- Opening Delimiter -

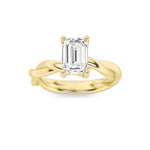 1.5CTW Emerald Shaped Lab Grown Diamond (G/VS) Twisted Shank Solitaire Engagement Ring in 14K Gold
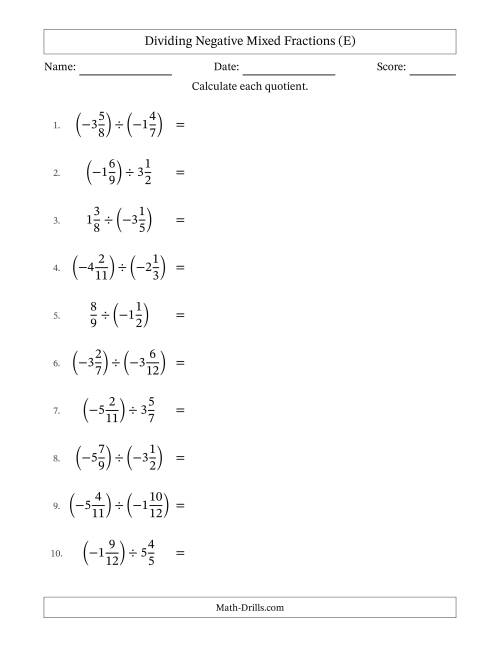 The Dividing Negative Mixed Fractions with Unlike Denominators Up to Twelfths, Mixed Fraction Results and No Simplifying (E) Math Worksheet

- Closing Delimiter -
- Opening Delimiter -

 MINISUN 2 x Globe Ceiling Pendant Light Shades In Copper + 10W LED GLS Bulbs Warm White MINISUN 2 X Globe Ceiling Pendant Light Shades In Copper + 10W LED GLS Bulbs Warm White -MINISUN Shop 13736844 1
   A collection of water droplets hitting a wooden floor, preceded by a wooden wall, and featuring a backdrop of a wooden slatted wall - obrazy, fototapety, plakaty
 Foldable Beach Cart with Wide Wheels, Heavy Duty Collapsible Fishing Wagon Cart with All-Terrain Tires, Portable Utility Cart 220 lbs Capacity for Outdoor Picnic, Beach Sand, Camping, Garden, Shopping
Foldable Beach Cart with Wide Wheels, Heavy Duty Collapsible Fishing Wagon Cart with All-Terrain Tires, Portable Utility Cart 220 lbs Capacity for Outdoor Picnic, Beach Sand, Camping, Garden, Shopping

- Closing Delimiter -
- Opening Delimiter -

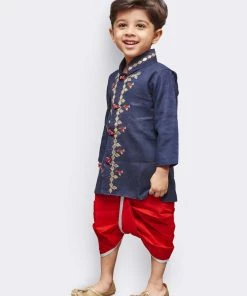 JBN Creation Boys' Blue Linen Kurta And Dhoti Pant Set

- Closing Delimiter -

▸ Task to complete: A single figure is required: the number of lines in the data where the word "Camping" occurs.

▸ The answer: 2